Шрифт:
Интервал:
Закладка:
* * *
– Я рад, что решил пригласить Джондалара на первую охоту на мамонта, – сказал Талут Неззи, когда они удалились к Львиному очагу. – Он все ночи проводит, готовя копье. Я думаю, он действительно хочет пойти.
Неззи посмотрела на него, подняв бровь и качая головой.
– Охота на мамонта – это последнее, что занимает его ум.
Она подоткнула мех вокруг спящей светловолосой головки своей младшей дочери и улыбнулась, глядя на почти уже женские формы своей старшей, свернувшейся калачиком рядом с сестрой.

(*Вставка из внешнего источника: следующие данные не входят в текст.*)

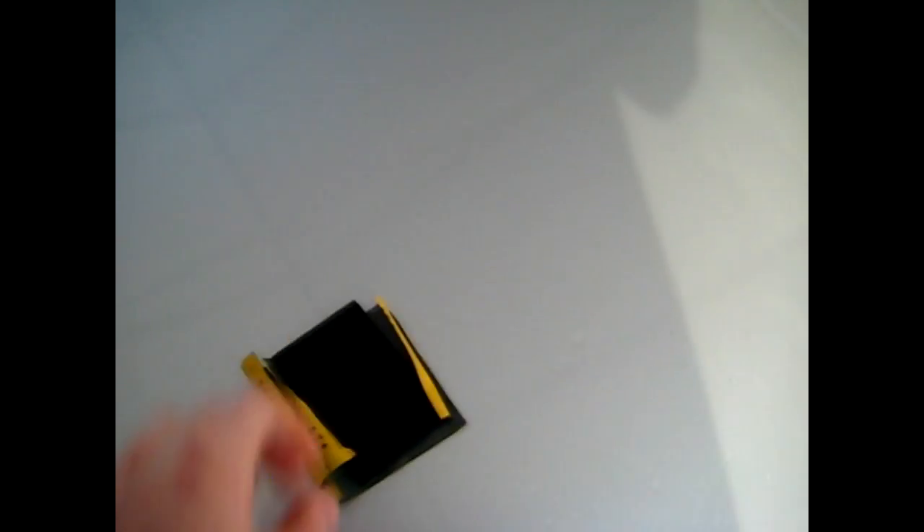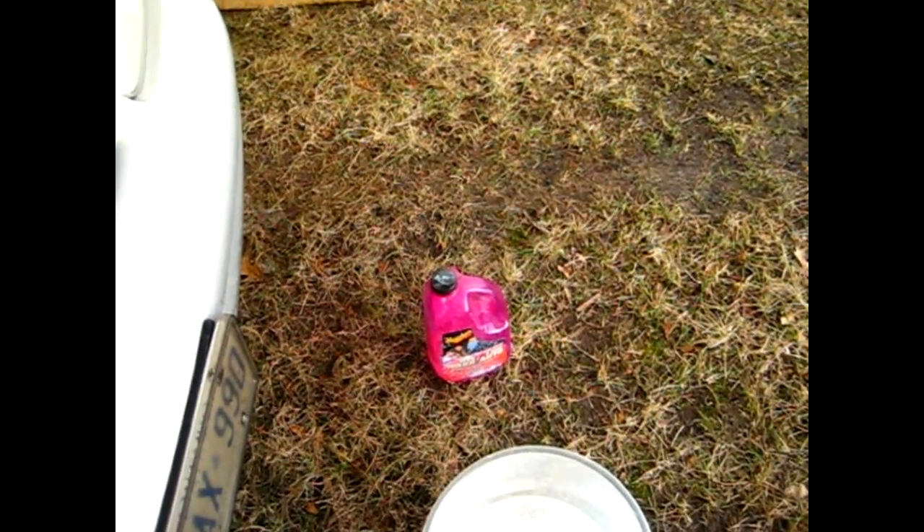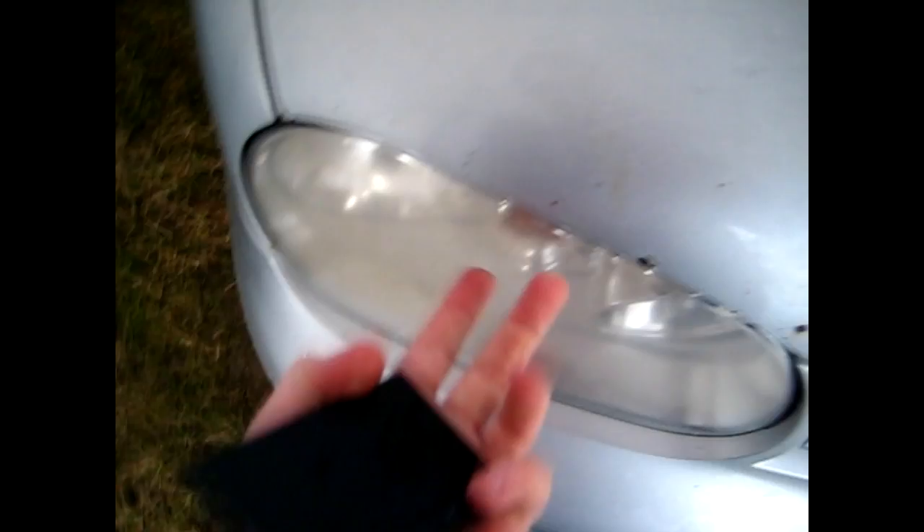First what you want to start with is a pail of water with soap — any soap works fine. I like to use regular car wash soap. Now this rubber pad here is actually optional. I like to use it because it provides a little more backing and keeps things nice and smooth so when I'm sanding I don't get my fingerprints in there.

– Мы должны подумать об отдельном спальном месте для Лэти на следующую зиму. Она уже станет женщиной, но Руги будет скучать без нее.
Талут оглянулся и увидел гостя, который вытряхивал из постели кремневые крошки и одновременно пытался увидеть Эйлу сквозь лабиринт очагов. Не увидев ее, он посмотрел в сторону Лисьего очага. Талут повернул голову и увидел, что Ранек ложится на свою лежанку один, но и он тоже поглядывает на лежанку Эйлы. Неззи, вероятно, права, подумал он.
Джондалар бодрствовал, пока последний человек не покинул кухонный очаг. Он трудился над длинным кремневым лезвием, которое он насадит на крепкое древко так же, как это делает Уимез. Джондалар учился делать копье для охоты на мамонта, сначала копируя уже готовое. Часть его ума отмечала все нюансы мастерства. У него уже появились идеи, как можно усовершенствовать орудие или хотя бы провести интересные эксперименты. Работа была знакомым процессом, не требующим особой концентрации внимания, и это было ему на руку. Он не мог думать ни о чем другом, кроме Эйлы, и использовал работу как способ избежать компании и разговоров и побыть одному со своими мыслями.
Он испытал огромное облегчение, когда увидел, что она идет к своей лежанке одна. Он бы не вынес, если бы она пошла к лежанке Ранека. Джондалар аккуратно сложил свою новую одежду, лег и накрылся новой меховой полстью, лежащей поверх его старого походного матраца. Положив руки под голову, он уставился на хорошо знакомый потолок кухонного очага. Многими ночами он лежал без сна, изучая его. Его все еще мучили угрызения совести, и он испытывал стыд, но в эту ночь не от жгучей боли желания. Как бы он ни ненавидел себя за это, он помнил Радость того дня. Он думал об этом, вспоминал каждую мелочь, медленно смакуя теперь то, на что у него не было времени раньше.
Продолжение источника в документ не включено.